**WORK ORDER:**
Your output must be the lines below from the line containing "Facing away, a" to the line containing "side view of", both lines included, reproduced exactly and without pictures.
RECORDS TO PROCESS below:
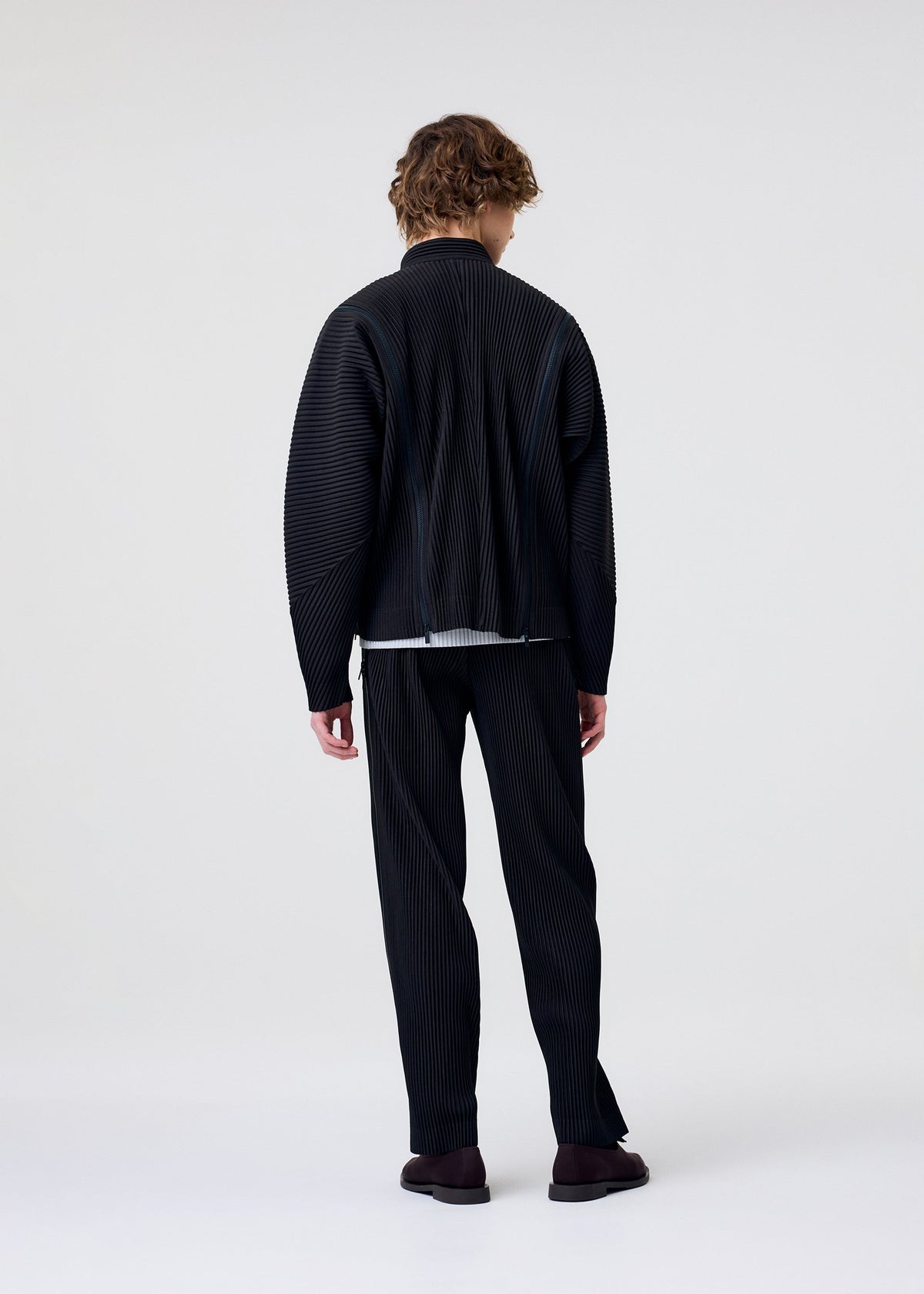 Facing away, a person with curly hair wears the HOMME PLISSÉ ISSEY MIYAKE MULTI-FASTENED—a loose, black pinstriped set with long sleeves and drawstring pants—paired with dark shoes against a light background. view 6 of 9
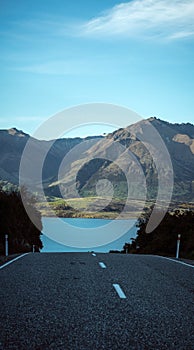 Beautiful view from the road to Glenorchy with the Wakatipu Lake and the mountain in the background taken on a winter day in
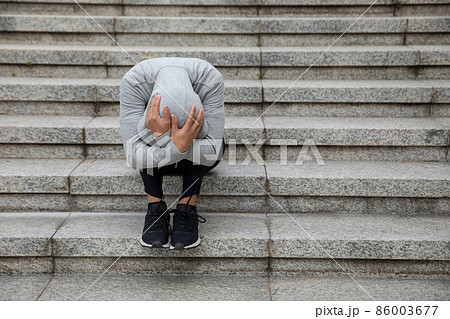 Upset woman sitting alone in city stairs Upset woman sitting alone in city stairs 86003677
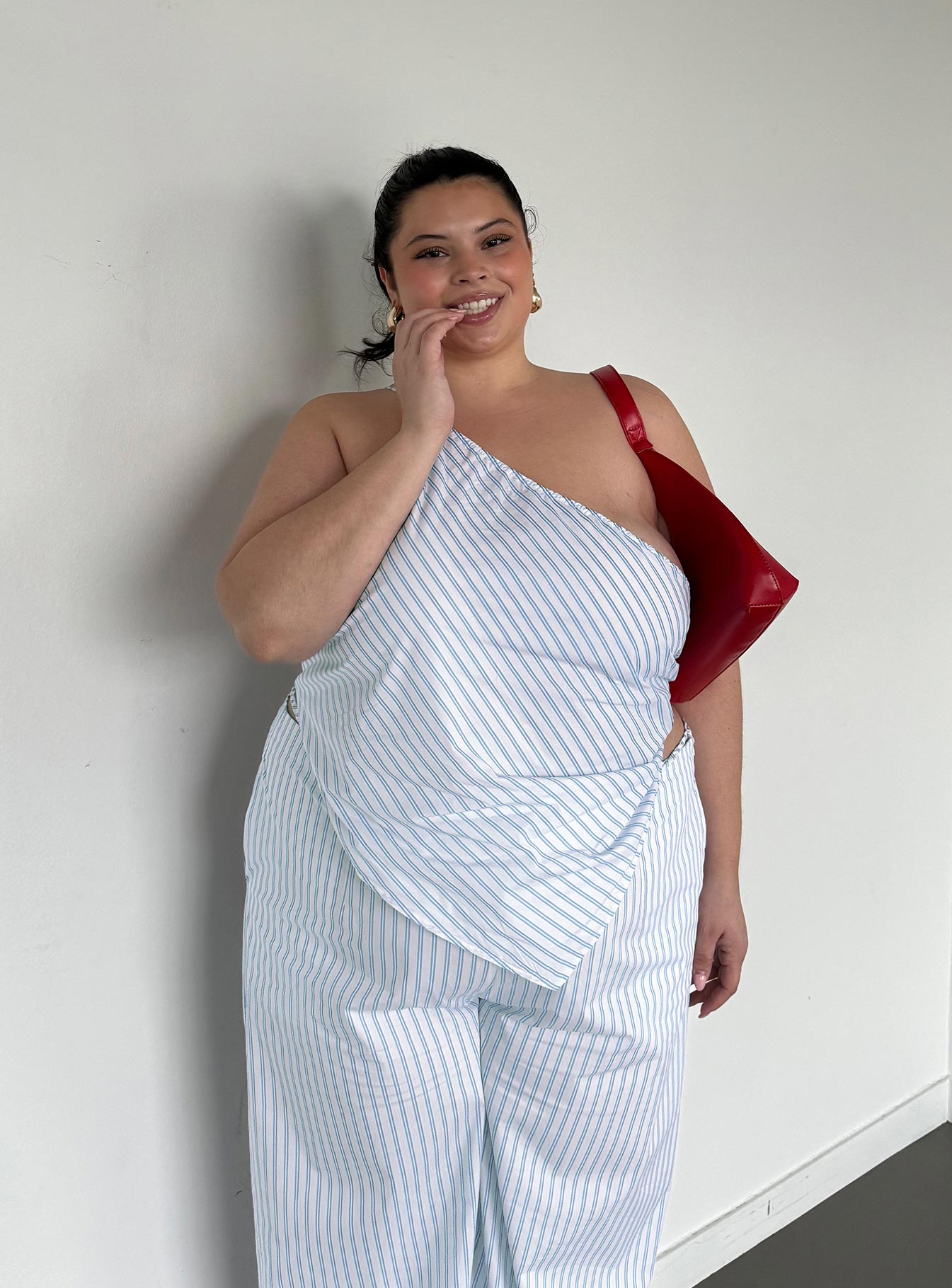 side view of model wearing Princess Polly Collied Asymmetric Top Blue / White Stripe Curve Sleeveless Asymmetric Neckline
End of RECORDS TO PROCESS.
RECORDS TO PROCESS below:
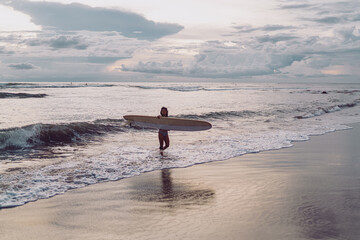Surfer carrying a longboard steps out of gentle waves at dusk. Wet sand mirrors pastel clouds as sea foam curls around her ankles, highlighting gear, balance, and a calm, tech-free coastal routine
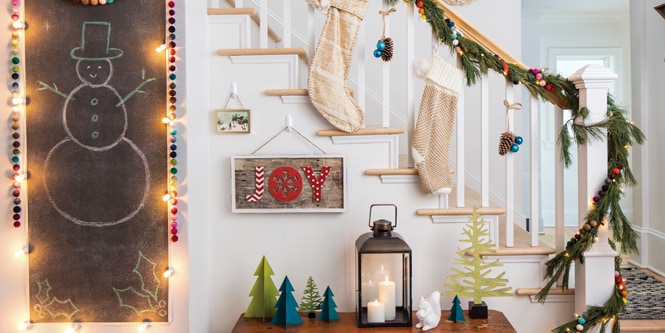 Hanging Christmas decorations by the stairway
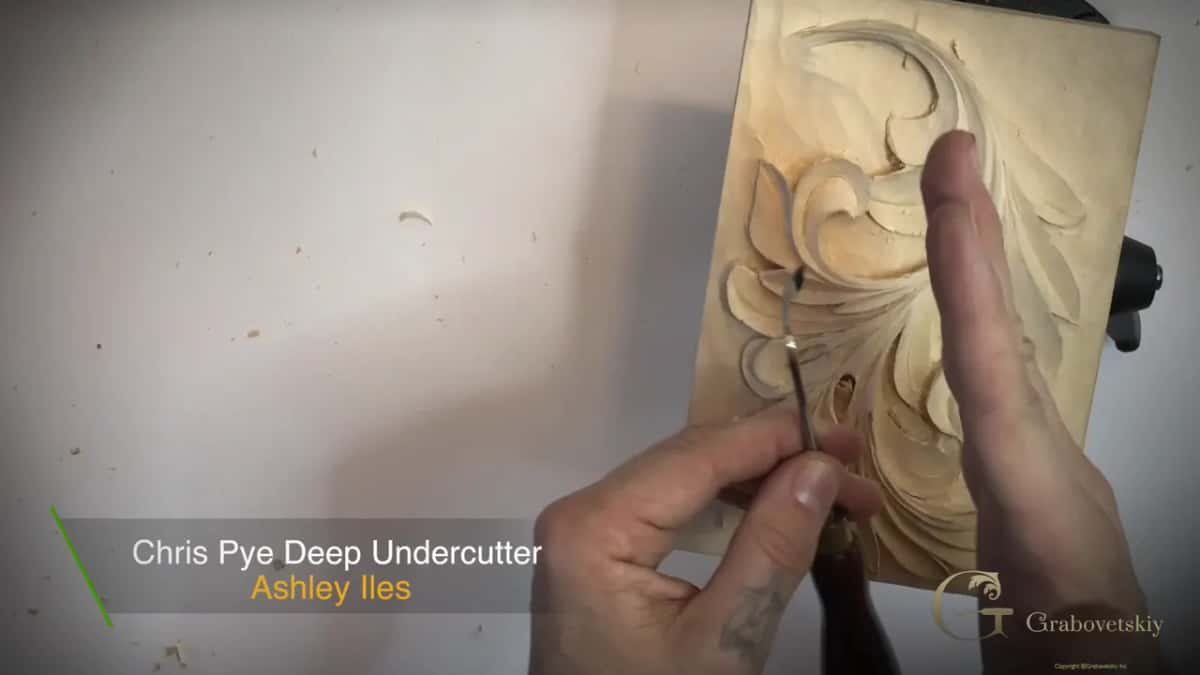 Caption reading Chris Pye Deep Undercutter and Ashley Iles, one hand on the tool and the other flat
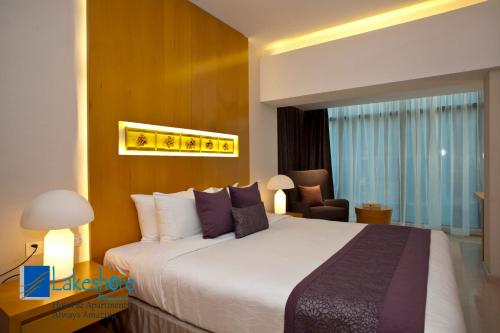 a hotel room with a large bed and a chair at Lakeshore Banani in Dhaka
End of RECORDS TO PROCESS.
RECORDS TO PROCESS below:
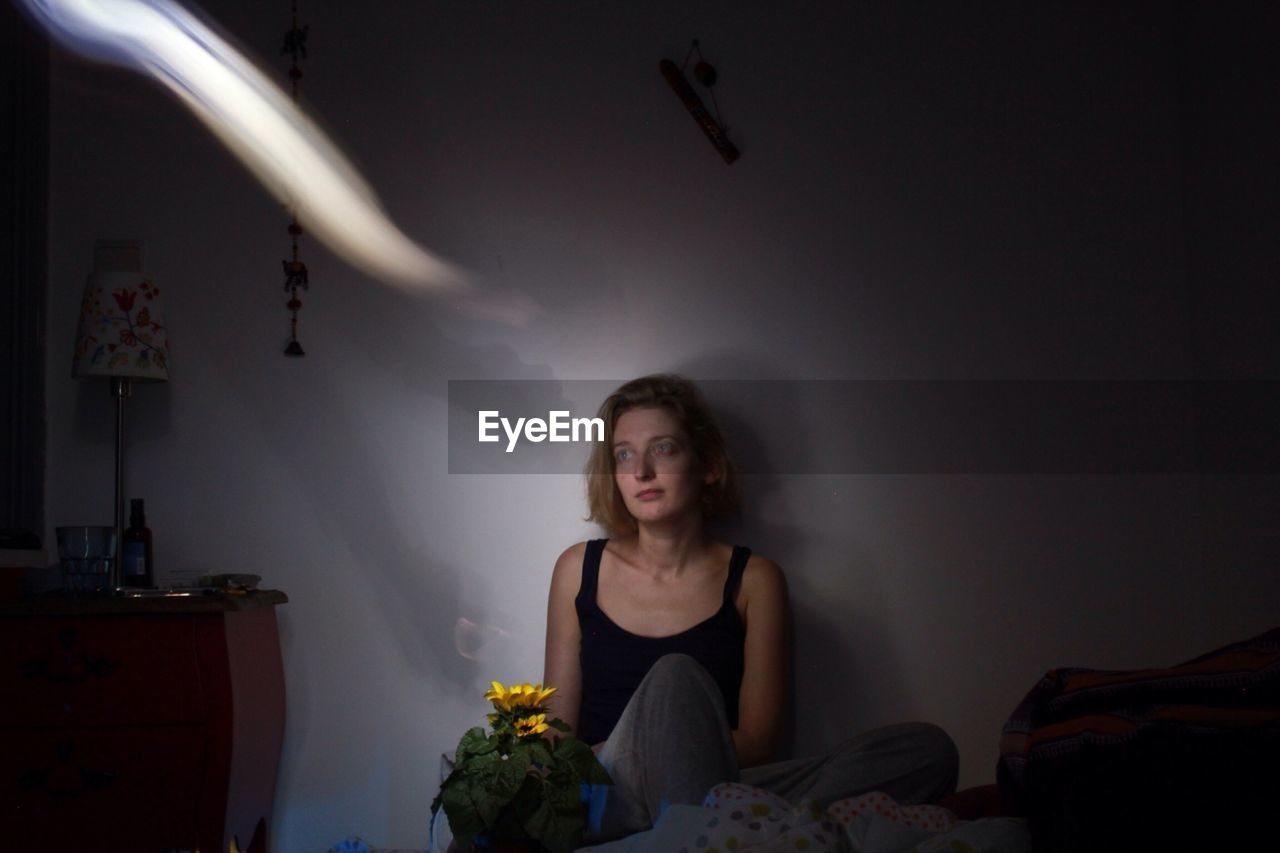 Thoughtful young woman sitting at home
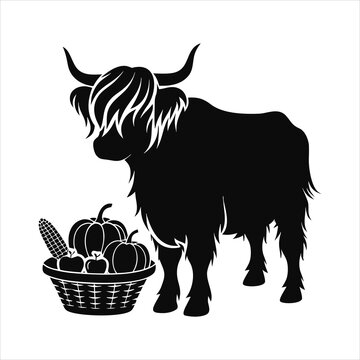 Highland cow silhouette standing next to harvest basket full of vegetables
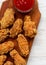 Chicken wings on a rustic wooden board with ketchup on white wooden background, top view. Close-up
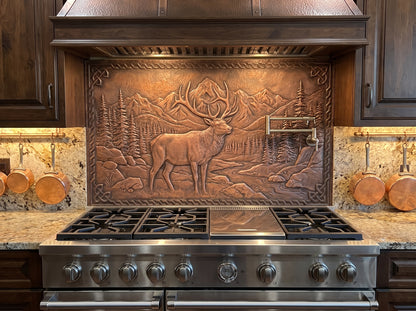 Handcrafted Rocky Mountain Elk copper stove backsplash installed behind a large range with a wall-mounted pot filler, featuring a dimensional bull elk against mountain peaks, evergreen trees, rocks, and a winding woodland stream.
End of RECORDS TO PROCESS.
**SOLUTION BELOW:**
 Facing away, a person with curly hair wears the HOMME PLISSÉ ISSEY MIYAKE MULTI-FASTENED—a loose, black pinstriped set with long sleeves and drawstring pants—paired with dark shoes against a light background. view 6 of 9
 Beautiful view from the road to Glenorchy with the Wakatipu Lake and the mountain in the background taken on a winter day in
 Upset woman sitting alone in city stairs Upset woman sitting alone in city stairs 86003677
 side view of model wearing Princess Polly Collied Asymmetric Top Blue / White Stripe Curve Sleeveless Asymmetric Neckline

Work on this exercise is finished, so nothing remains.